= Clive Holmes (businessman) =

British businessman (born 1939)

Clive Jefferson Holmes (born August 1939) was the founder of the Life Insurance Association and the co-founder of the Institute of Financial Planning

==Career==
Holmes entered the financial services business in 1964 at a west London firm of insurance brokers. In 1966 he joined Abbey Life where he spent twenty years as a salesman and manager. He has cited seeing Ben Feldman speak at the 1971 Million Dollar Round Table conference as a key event in his life. In 1972 he founded the Life Insurance Association and in 1987 he was the co-founder of the Institute of Financial Planning.

In 2001 Holmes was appointed a non-executive director of Clifford Lockyer's now defunct Berkeley Berry Birch (BBB) but resigned shortly thereafter citing problems to do with his residency in the Republic of Ireland. The failure of BBB was partly attributed to problems with their regulator, the Financial Services Authority, arising from training of the BBB salesforce carried out by Holmes. BBB was publicly censured by the FSA over the misselling of whole of life policies and regular savings plans between 2001 and 2004. Holmes roundly denied that his training was the cause of misselling problems at BBB, citing compliance problems as the cause instead.
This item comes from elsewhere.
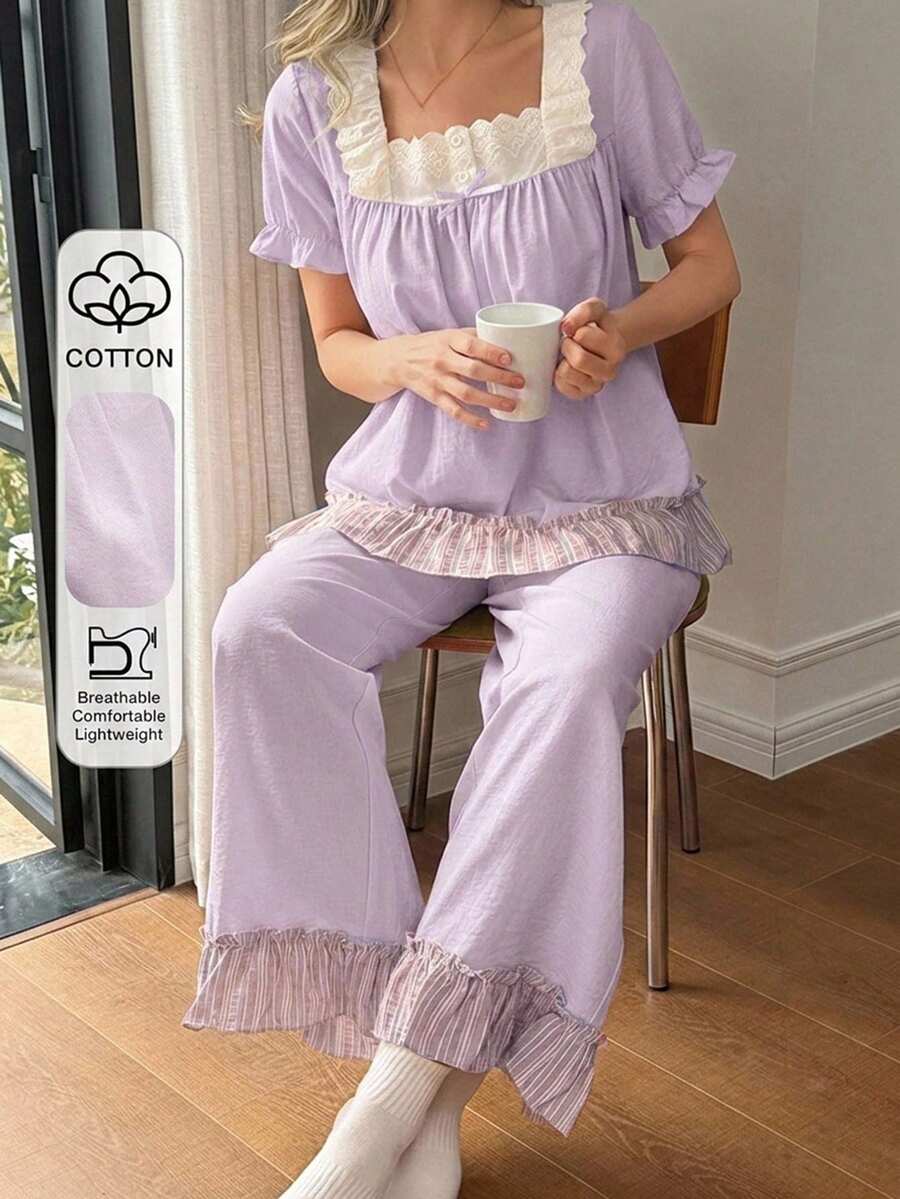 DAZY Conjunto de pijama de mujer de 2 piezas con volantes dulces, encaje bordado, patchwork y mangas de pétalo para verano - Morado - Ver 1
More recently Holmes was chairman of The Gateway Consortium Limited (Reg. No. 05001345), a company which was placed in liquidation in 2011 after an unexpected VAT bill for £400,000 on commission it received for the marketing of unregulated collective investment schemes (UCIS) to financial advisers.

==Outside business==
Holmes is a trainer and master practitioner of Neuro Linguistic Programming. In 2006 he graduated from the Open University with a degree in history and has embarked on a PhD. He lives in Ireland at Comeragh House, Mahon Bridge, County Waterford, former home of explorer John Palliser.